My confidence grew and I found that I was really starting to enjoy singing because it was a new departure for me. My problem was that I found singing and playing guitar quite difficult to do at the same time. It's like rubbing your stomach while patting your head. It takes a lot of practice. I am also more of a guitarist than a singer, so when the former singer rang me up and grovelled to come back, I stood his corner and persuaded the lads to have him back. Trouble was, I now had a small repetoire of songs that I enjoyed singing and didn't want to let go of such as Fly and Love and Glory. I gave back Fly but kept Love and Glory for myself. Then, last May we started the process of recording our first album (LoveTel Motel - out June)with Fly, Lucky Lost and Love and Glory recorded in the first session with me singing the latter. I then posted them up on The only track that didn't get panned and actually made it through to public download was Love and Glory - because of my strong vocal on it.

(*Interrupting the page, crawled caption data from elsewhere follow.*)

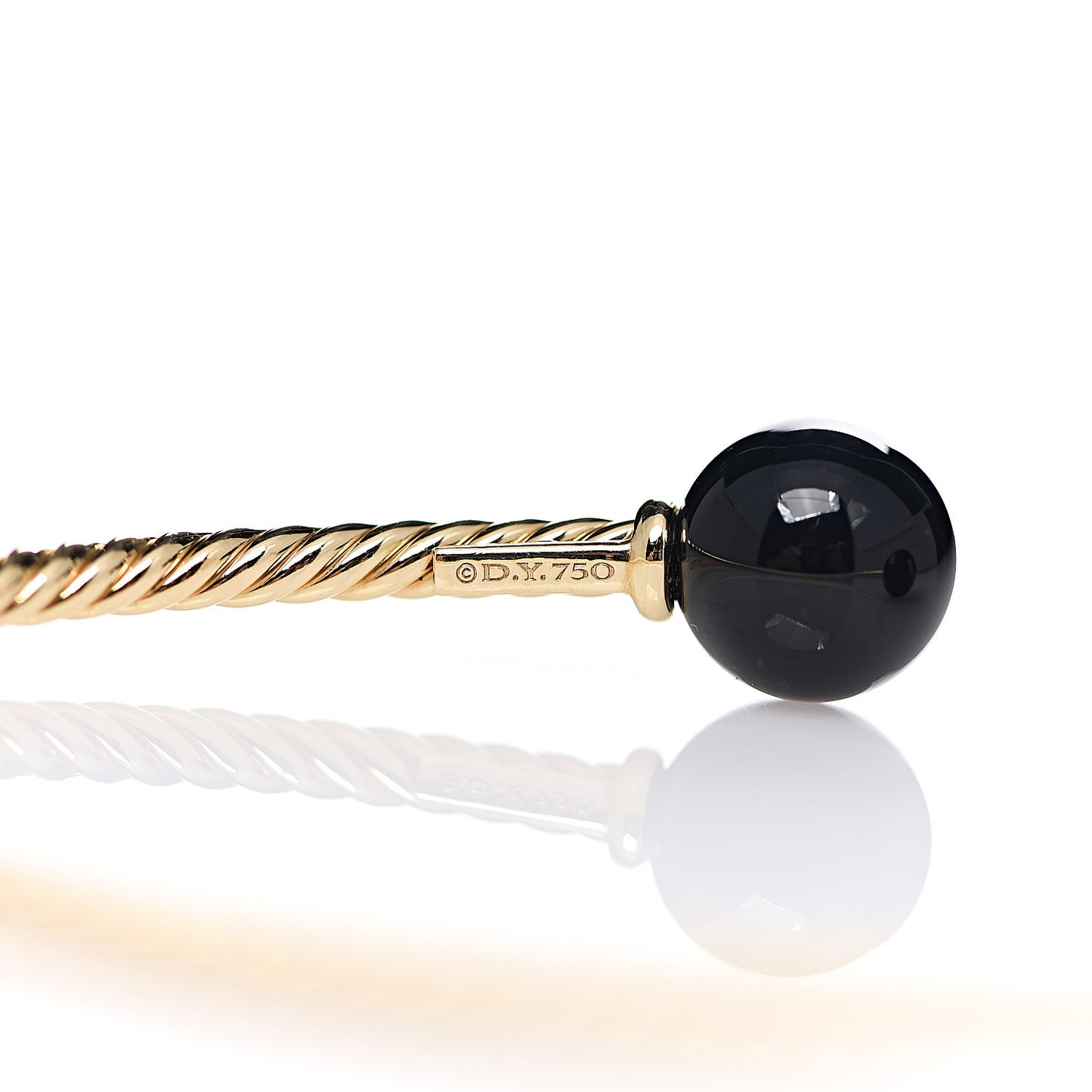 18K Yellow Gold Black Onyx 8.5mm Solari Bracelet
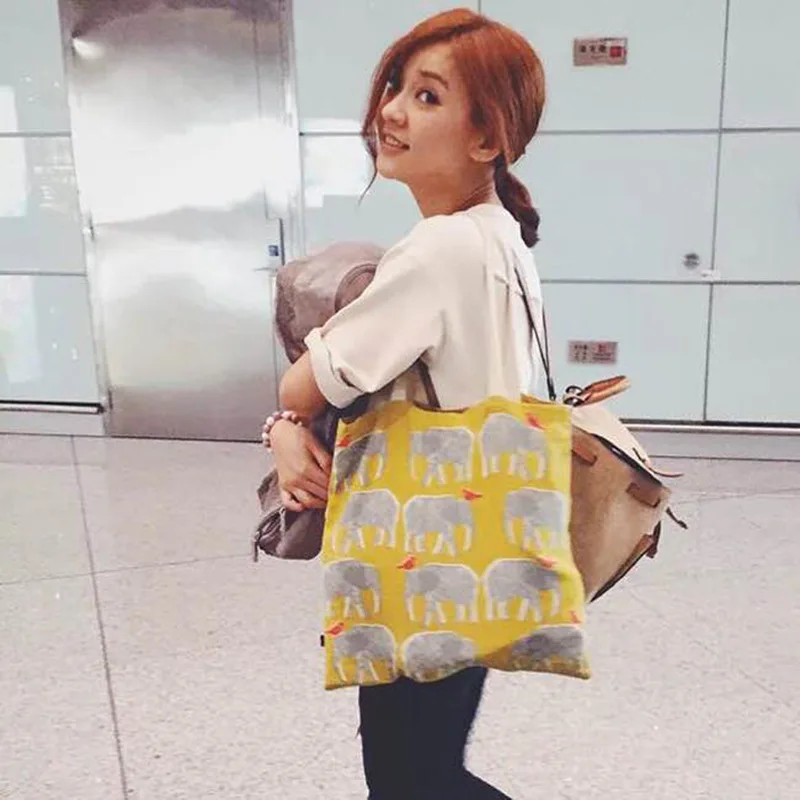 

Raged Sheep High-Quality Women Canvas Tote Bags Casual Reusable Cotton grocery Shopping Bag Webshop Eco Foldable Shopping Cart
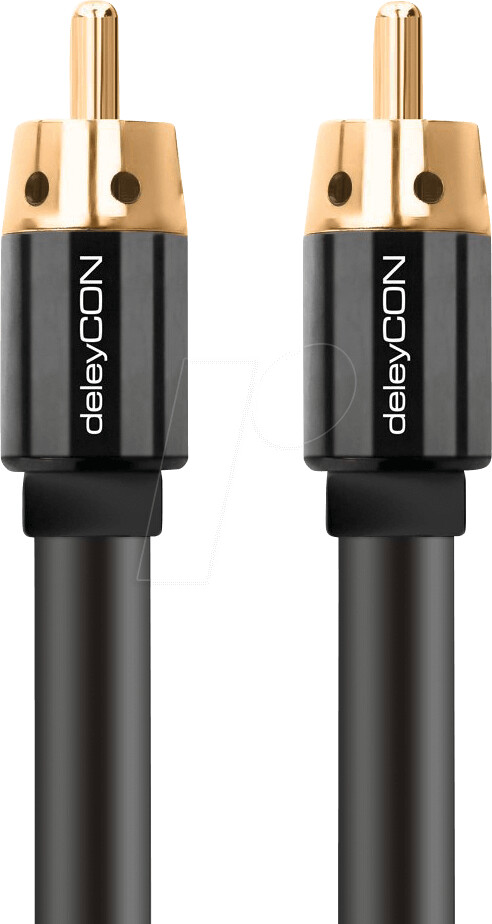 deleyCON Cinch RCA male - RCA male 3m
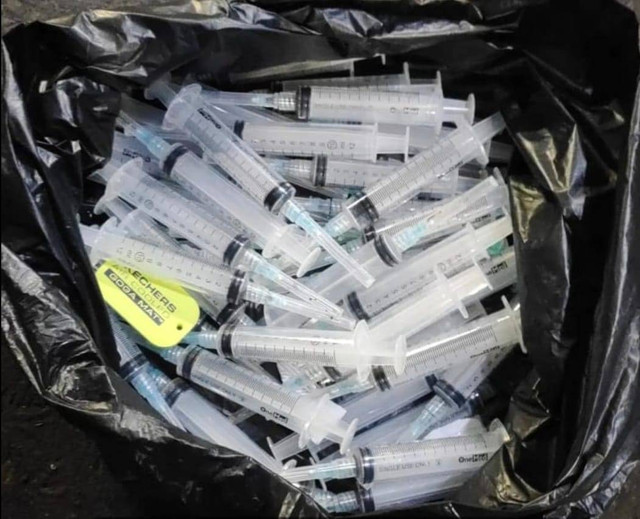 Ilustrasi jarum suntik bekas pakai. Foto: Dok. Istimewa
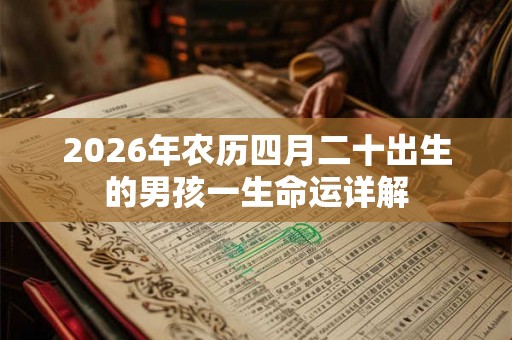 2026年农历四月二十出生的男孩一生命运详解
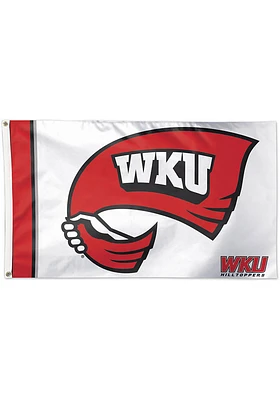 Western Kentucky Hilltoppers 3x5 Silk Screen Grommet Flag - Red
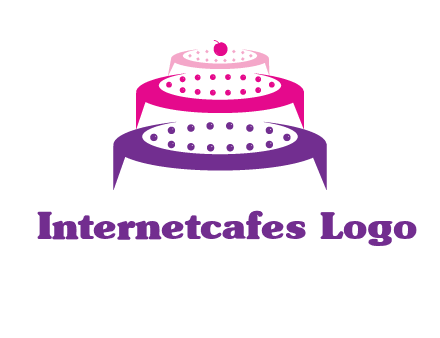 multi level cake logo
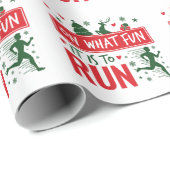 Oh, wat leuk dat het is om met Kerstmis te gaan. Cadeaupapier (Rol Hoek)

This told me something. People also began to compliment my voice. I wasn't used to that. I know how limited my range is, but I play to my strengths and can sometimes get away with it.

During the course of last summer, when the band wasn't playing, I had time to reflect on the three songs we had recorded but had not properly mixed. I made up my mind to ask the singer to re do his vocals because they were pretty lame. I never got the chance because on the day before we were due back from summer recess he called me up and let me down for a second time. Now we were a four piece band and we had to start looking for a singer all over again. Once again I stepped up to the mic and after a while I decided that I liked singing. I was getting more comfortable with my insecurity about it.

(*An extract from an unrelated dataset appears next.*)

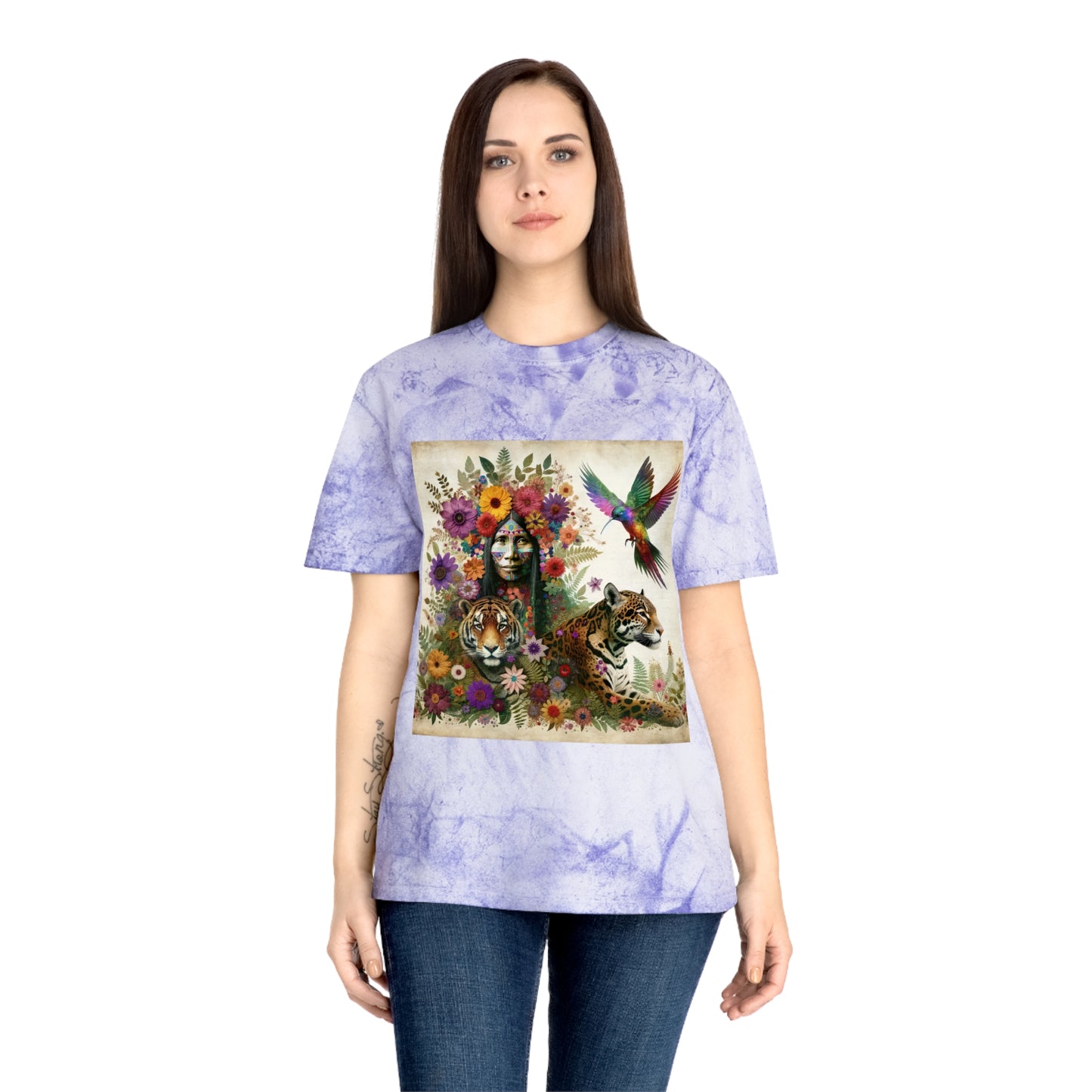 Whisper of the Medicine Woman-Unisex Color Blast T-Shirt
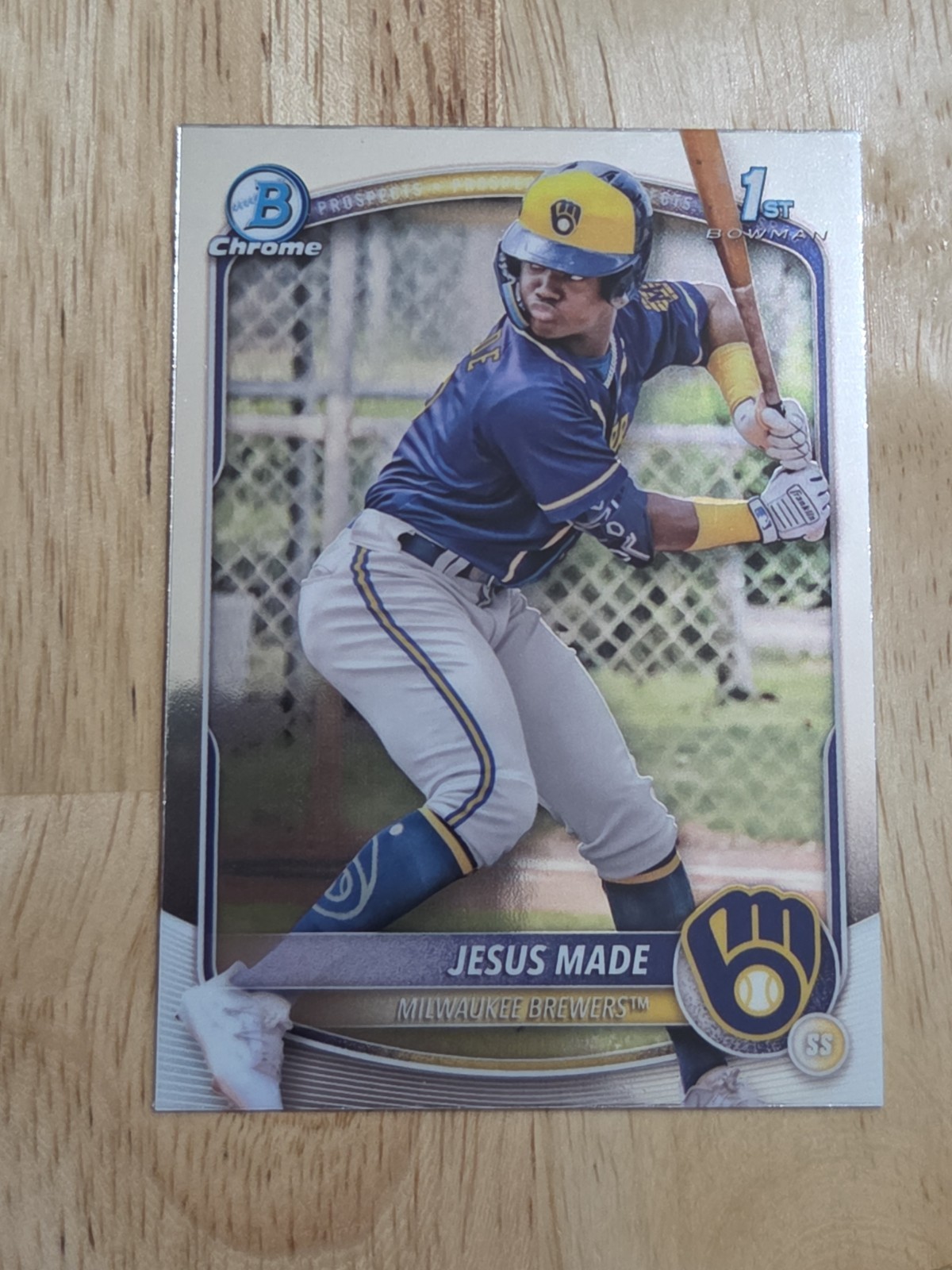 2025 Bowman Chrome JESUS MADE #BCP-50 1st Rookie Brewers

To put it bluntly, most guitarists who are starting out are scared of playing with others for fear of being 'exposed'. Quite what it is that they think they will be exposed for is another matter and one I have never bothered to figured out. It's the same with singing. It's like standing with your flies undone and knowing that everybody can see your willy. You either don't give a shit or you cringe and run away and hide. My mission in life is to record an album and to play some gigs on the back of it. I'll do whatever it takes to get me there. By hook or by crook I shall fulfil my ambition. Therfore I don't give a shit if it's me that has to sing because nobody else will or if we fail as a band to find a suitible singer.

The upshot of all of this is that today I find that I love singing and want to take lessons to enable me to broaden my range. I wrote my song Goodbye Amilia to help me to broaden my range and I also wanted a more mellow ballad to sing rather than to keep on belting 'em out a la Chappo from Family who some have likend me to.
The other amazing thing that we in the band have only recently discovered is just how well my voice fits in and around with that of Abraham Love who is a really great singer. So it has been a total voyage of discovery for me and for the teriffic group of lads that I make music with.

I hope that this answers your question Ken?

Kenski said...


(Short answer!)

I was actually thinking about getting another mic and have heard good things about the SM57. The mic I have is okay, but y'know, the weakest link and all that. Thanks for the great info!

Axe Victim said...

Verbosity is my weakness...

IG said...

Just got to this post. Can I say, uh, way to go! Nice. There comes a time when you just gotta press record and do it, ya know. Very cool. Keep it up.